◆ TASK ITEM ◆
Copy every record below, exactly as written.

◆ RECORDS ◆
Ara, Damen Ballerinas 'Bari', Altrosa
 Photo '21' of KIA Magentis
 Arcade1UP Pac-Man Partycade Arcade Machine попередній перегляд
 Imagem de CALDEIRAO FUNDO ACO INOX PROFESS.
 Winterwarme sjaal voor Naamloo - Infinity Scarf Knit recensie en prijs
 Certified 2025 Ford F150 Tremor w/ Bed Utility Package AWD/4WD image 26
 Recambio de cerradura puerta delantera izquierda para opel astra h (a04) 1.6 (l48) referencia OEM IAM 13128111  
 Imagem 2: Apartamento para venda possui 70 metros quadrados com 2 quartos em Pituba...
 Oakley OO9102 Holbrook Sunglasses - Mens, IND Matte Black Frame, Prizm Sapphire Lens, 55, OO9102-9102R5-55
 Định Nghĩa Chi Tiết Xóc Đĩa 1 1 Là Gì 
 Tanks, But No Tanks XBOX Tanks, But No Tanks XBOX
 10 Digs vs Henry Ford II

◆ RESPONSE BELOW ◆
Ara, Damen Ballerinas 'Bari', Altrosa
 Photo '21' of KIA Magentis
 Arcade1UP Pac-Man Partycade Arcade Machine попередній перегляд
 Imagem de CALDEIRAO FUNDO ACO INOX PROFESS.
 Winterwarme sjaal voor Naamloo - Infinity Scarf Knit recensie en prijs
 Certified 2025 Ford F150 Tremor w/ Bed Utility Package AWD/4WD image 26
 Recambio de cerradura puerta delantera izquierda para opel astra h (a04) 1.6 (l48) referencia OEM IAM 13128111  
 Imagem 2: Apartamento para venda possui 70 metros quadrados com 2 quartos em Pituba...
 Oakley OO9102 Holbrook Sunglasses - Mens, IND Matte Black Frame, Prizm Sapphire Lens, 55, OO9102-9102R5-55
 Định Nghĩa Chi Tiết Xóc Đĩa 1 1 Là Gì 
 Tanks, But No Tanks XBOX Tanks, But No Tanks XBOX
 10 Digs vs Henry Ford II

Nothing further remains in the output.